Increased Thoracic Kyphosis


Increased Thoracic Kyphosis 

The most common deformity is the exaggerated thoracic kyphosis [Figure 66]. This can take on worrying forms in the pubertal growth spurt. A distinction has to be made between a supple exaggerated kyphosis and the rigid variety. 


Figure 66


A = Ideal posture
B = Kypholordosis position
C = Flat back
D = ‘Sway-back’ position


The distinction can be made in a straightforward manner, using the following 2 methods:

  • In standing position:
    The patient often stands with increased lordosis and an overly tilted pelvis. By asking the patient to tilt the pelvis backwards, the lumbar lordosis will reduce. When the patient actively moves the shoulders backwards, stretching the cervical vertebral column, the thoracic kyphosis is reduced and an impression can be gained of the degree of flexibility of the kyphosis.
  • In prone position:
    The spinous processes of the thoracic spine are palpated and an impression is gained of the degree of kyphosis. With a supple exaggerated kyphosis, it is usually already completely disappeared. By asking the patient to lift the shoulders, arms and the head, the kyphosis – if rigid – will not or will hardly reduce, whilst this is the case with a supple kyphosis.
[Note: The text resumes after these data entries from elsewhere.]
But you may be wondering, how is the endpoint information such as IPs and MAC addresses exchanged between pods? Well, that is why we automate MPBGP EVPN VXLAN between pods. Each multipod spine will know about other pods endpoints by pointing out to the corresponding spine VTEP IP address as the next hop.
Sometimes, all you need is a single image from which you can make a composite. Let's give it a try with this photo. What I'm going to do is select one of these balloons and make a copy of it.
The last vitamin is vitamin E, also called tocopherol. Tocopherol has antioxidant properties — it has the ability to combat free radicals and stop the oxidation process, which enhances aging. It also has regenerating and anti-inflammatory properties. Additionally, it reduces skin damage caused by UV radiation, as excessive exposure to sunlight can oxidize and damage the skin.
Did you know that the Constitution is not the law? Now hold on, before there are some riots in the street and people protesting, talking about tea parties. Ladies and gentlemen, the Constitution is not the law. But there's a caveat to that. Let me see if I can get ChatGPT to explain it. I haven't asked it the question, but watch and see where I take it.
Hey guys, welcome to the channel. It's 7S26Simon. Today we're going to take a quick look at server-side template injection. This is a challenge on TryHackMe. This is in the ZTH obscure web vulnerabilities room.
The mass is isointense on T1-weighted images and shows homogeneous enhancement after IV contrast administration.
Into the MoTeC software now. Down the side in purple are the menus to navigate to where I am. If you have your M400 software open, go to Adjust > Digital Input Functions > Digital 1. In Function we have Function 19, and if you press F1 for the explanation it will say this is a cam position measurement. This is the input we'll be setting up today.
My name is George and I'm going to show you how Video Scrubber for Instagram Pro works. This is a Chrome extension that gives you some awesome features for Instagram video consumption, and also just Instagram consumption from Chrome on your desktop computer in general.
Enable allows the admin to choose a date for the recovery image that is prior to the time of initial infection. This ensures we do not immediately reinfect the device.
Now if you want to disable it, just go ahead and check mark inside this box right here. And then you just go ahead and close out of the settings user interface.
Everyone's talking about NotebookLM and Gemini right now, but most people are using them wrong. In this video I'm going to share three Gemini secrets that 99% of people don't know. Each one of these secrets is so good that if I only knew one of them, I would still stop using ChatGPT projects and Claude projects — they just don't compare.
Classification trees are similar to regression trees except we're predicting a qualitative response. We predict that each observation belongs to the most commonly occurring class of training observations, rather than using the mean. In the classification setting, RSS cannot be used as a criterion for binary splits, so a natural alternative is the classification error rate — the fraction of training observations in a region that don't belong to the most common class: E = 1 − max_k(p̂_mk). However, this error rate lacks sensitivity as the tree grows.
The exaggerated kyphosis can be observed well from the side with the patient stooped forward, during which the shoulder blades slide forward and no longer obstruct the view onto the spine. In standing position, the lordosis depth (distance between the plumb line past the top of the kyphosis and the lowest point of the lordosis) and the sway-back distance (distance between the plumb line past the top of the kyphosis and the upper side of the sacrum at the level of the start of the natal cleft) can be measured. These measurements are conducted by an orthopaedist to estimate the severity of the kyphosis and, during follow-up of the patient, to assess the effect of therapeutic interventions.

If the kyphosis clearly shows rigid characteristics, osteochondrosis defects should be looked for on an x-ray image of an upright lateral total spine, which fits Scheuermann’s disease or, more rarely, fusion of the front of the vertebrae (congenital kyphosis). Scheuermann’s disease can often not be sufficiently corrected with posture therapy only and requires brace treatment in a growing child.

With supple posture kyphosis, exercise therapy or ‘watchful waiting’ will suffice. In adult patients, only extensive operations can alter the rigid form of hyperkyphosis.